De ma fenêtre. La chronique d’Aimé Savard pour Chrétiens de la Méditerranée 2 mai 2011.  

La mort de Ben Laden, tué par un commando des forces spéciales américaines, est une événement important pour tous les peuples qui vivent autour de la Méditerranée et, en particulier pour les pays arabes et musulmans. Certes, la disparition du chet d’Al Qaïda ne signifie pas la fin de ce mouvement ni celle du terrorisme islamiste. On peut au contraire redouter que des attentats aient lieu ici ou là pour venger celui qu’une minorité du monde musulman considèrait comme un héros et qu’elle risque de traiter maintenant comme un martyr.
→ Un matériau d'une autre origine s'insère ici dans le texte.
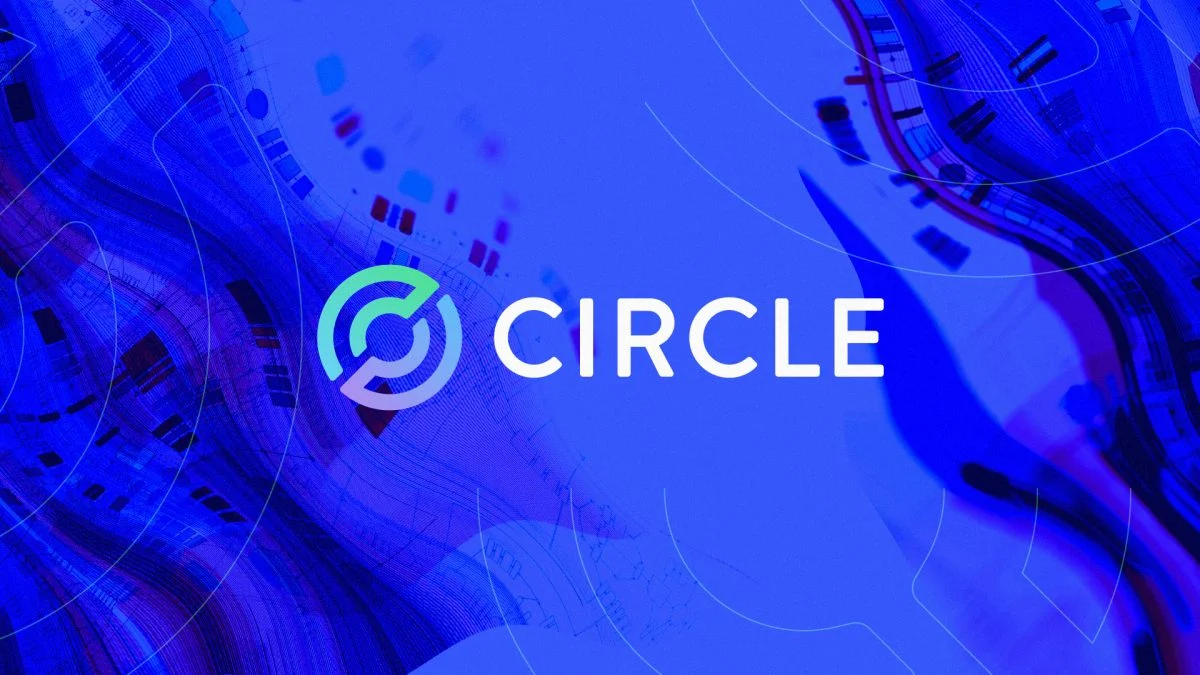 Circle将不再支持消费者账户铸造稳定币插图 Circle将不再支持消费者账户铸造稳定币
Al Qaïda est une nébuleuse décentralisée aux ramifications complexes qui conserve certainement une grande capacité de nuisance. Mais il semble que, ces dernières années, Ben Laden en était moins le chef opérationnel que le symbole. Et les symboles ont une grande importance, spécialement dans le monde musulman.

Sur les sites djihadistes, les réactions ont été immédiates. Si certaines d’entre elles traduisent de l’incrédulité, les autres expriment surtout de la colère et profèrent des menaces contre les Etats-Unis, « le Grand Satan », et plus généralement contre l’Occident, selon une réthorique utilisée depuis longtemps par ces milieux. Mais il ne faut pas s’y tromper. Dans l’ensemble du monde arabe et plus largement musulman, c’est plutôt le soulagement qui domine, mêlé à l’inquiétude de voir la mouvance terroriste réagir en animal blessé. On ne le sait pas assez : le terrorisme islamique a fait beaucoup plus de victimes dans les pays musulmans qu’en Occident. Le but premier de Ben Laden était de débarrasser ces pays musulmans de régimes qu’il jugeait corrompus et infidèles à l’islam. Pour combattre ceux-ci, les islamistes ont souvent recouru au terrorisme aveugle – ce fut encore le cas, la semaine dernière à Marrakech. Ces régimes visés par Al Qaïda sont aussi ceux que combattent les mouvements révolutionnaires surgis dans les pays arabes depuis le début de l’année. C’est d’ailleurs ce qui explique que les pays occidentaux – et en particulier la France – aient accueilli avec beaucoup de suspicion, voire d’hostilité, les révolutions arabes. Ils craignaient – et parfois le redoutent encore – que les dictatures contestées, avec lesquelles certains milieux politiques et économiques occidentaux avaient des liens étroits, ne soient remplacées par des régimes islamistes.

 

Or, il est aujourd’hui évident que les mouvements islamistes radicaux ont été surpris et dépassés par les révoltes arabes. Celles-ci sont le fait d’une jeunesse éduquée qui ne se voit pas d’avenir et qui rêve de liberté et de démocratie, tout en restant fidèle à son identité et plutôt méfiante à l’égard de l’Occident. Ces jeunes révoltés sont musulmans, mais ne rêvent pas d’imposer la charia. Certains sont d’ailleurs touchés, comme les chrétiens, par une certaine sécularisation et cherchent une forme de laïcité qui séparerait effectivement le politique du religieux. D’autres, et parfois les mêmes, voient dans l’islam, une protection contre la contagion des moeurs occidentales qu’ils jugent dissolues.

 

Dans ce contexte, la mort de Ben Laden ne peut apparaïtre que comme un échec symbolique du terrorisme islamique. Elle pourrait bien ouvrir les yeux de ceux qui, sans être eux-mêmes engagés dans ce mouvement terroriste, y voyaient un moyen de se venger des humiliations que l’Occident a fait subir – et fait encore subir – à leurs peuples. Cette disparition du chef d’Al Qaïda ne saurait désoler que ceux qui, dans les pays arabes comme dans nos pays occidentaux rêvent du « choc des civilisations », de la gigantesque confrontation entre l’islam et l’Occident ou entre l’islam et ce que certains appellent abusivement « la chrétienté ».